Seni tanıdığım dönemlerde mısır tarlaları henüz yok edilip fındık bahçelerine dönüştürülmemişti. Günlerce mısır toplanırdı imeceler yapılarak.Oyunlar birbirine karışır,türkülerin önü ardı belli olmazdı.Toprak işlenirken akrabalıklar pekişir,kolayda da zorda da yakınlaşırdı insan birbirine.
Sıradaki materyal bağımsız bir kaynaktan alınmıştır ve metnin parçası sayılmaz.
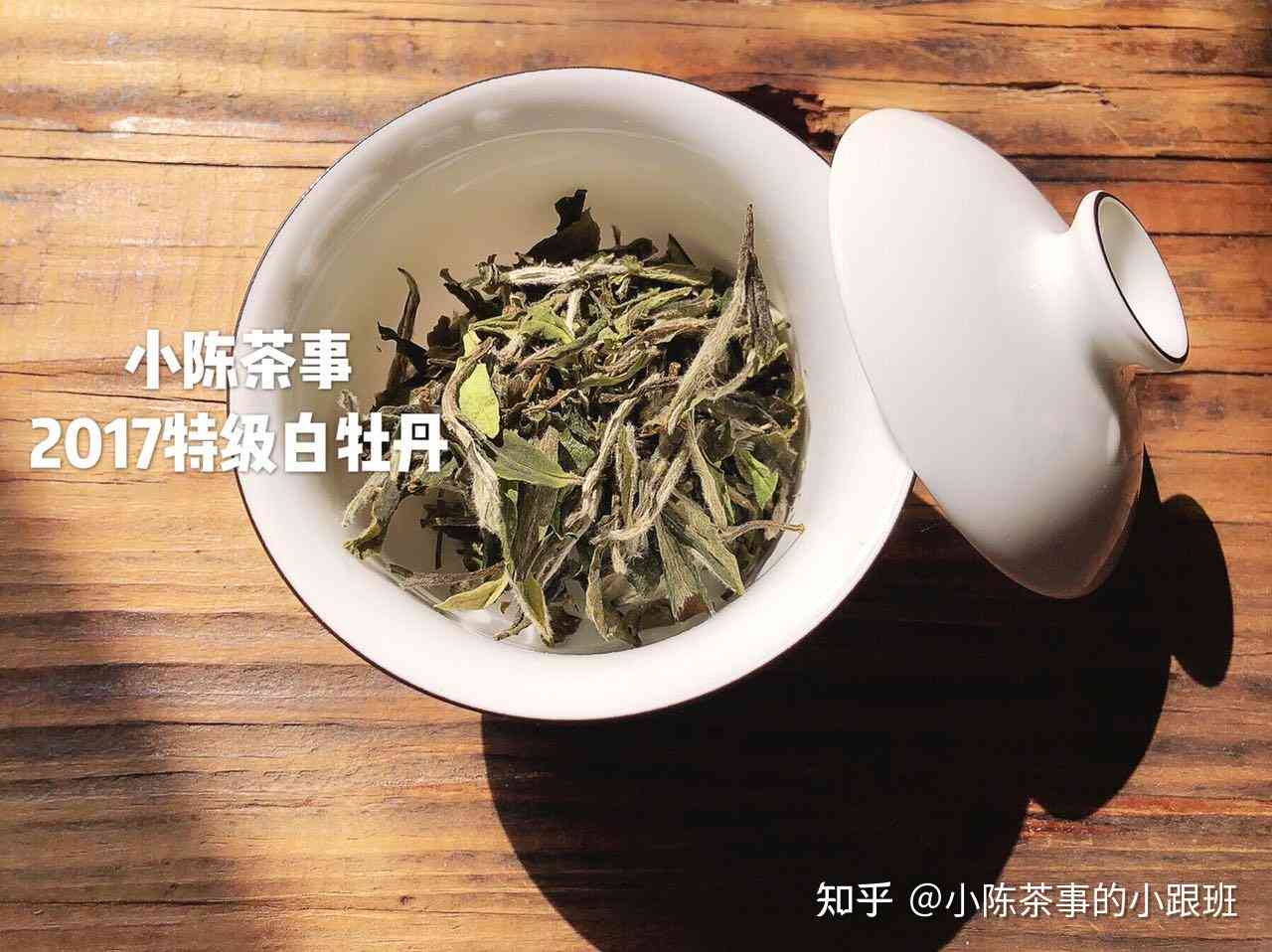 口碑的十大普洱茶白茶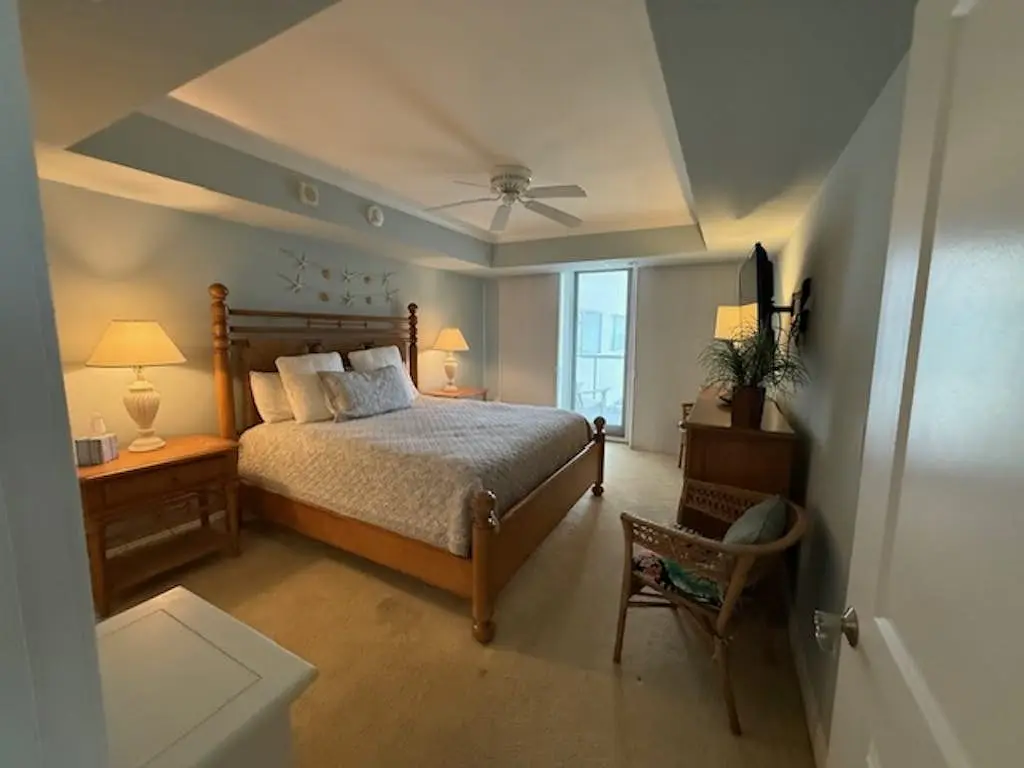 The Meridian 305E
Kanda var olan birlik iradeyle işe ,aşa,yaşama dönüşürdü.Sen en çok köyün bu halini sevdiğini defalarca söylemiştin.Dünyanın en asil alışkanlığı olan üretmenin ,şartlar çok zor olsa da insanın şerefine şeref kattığını,toprakla arınabileceğini söylerdin günahların.Velhasıl aslına dönmek sadece ölmekle değil girilecek son durağa kazma,kürek,yaba,bel sallamakla olur diyordun.Şimdi çağdaşlaşan dünyada ilişkilerin bu kadar neden yavanlaştığı sorusunun cevabını da sanki yine sen de buluyorum.Ve bu yüzden aklımdan hiç çıkmıyorsun.
Köyler artık şehrin modern denilen yaşam şekillerine bırakıyor yerlerini..Dokunulmadık yaşam alanları kalmadı.Mısır tarlaları yerini fındık bahçelerine bıraktı.Köyden kente göç aldı nufusu götürdü sanayi bölgelerine.Üretimin içinden gelen değe yargıları yerlerini farklı kvramlara bırakmaya başladı.Bir sonraki kuşak can dostu,kan dostu,sırdaş paylaşımları öğrenemeden büyüyor.Şehrin kendini merkeze alan , ferdi kutsayan zihniyeti ahlaki yaklaşımları yerle bir etmeye çoktan başladı.
Birbirini hiç tanımayan akraba insanlar,hikayelerini hiç bilmedikleri yolların, ağaçların, patikaların,su kaynaklarının,çeşmelerin,meyve ağaçlarını,arazi sınırlarının ortağı olmaya başladı.Uzaklaştıkça coğrafya gönülden de ıramalar başlarmış.Uyduruk akrabalıklar,nufus kağıdında yazılı hane ve cilt numarası benzerliklerine dönüşen kaypaklığı kendi özünde yakınlıklar.Sen akrabayı akrep yesin sözüne delice öfkelenir, bu ne biçim densizliktir derdin.ben sendeki bu bütün canlıyı aynı gözle sevebilecek engin yüreğin bütün hallerini belki bilemedim ama bu haliyle bile aklımdan hiç çıkmıyorsun.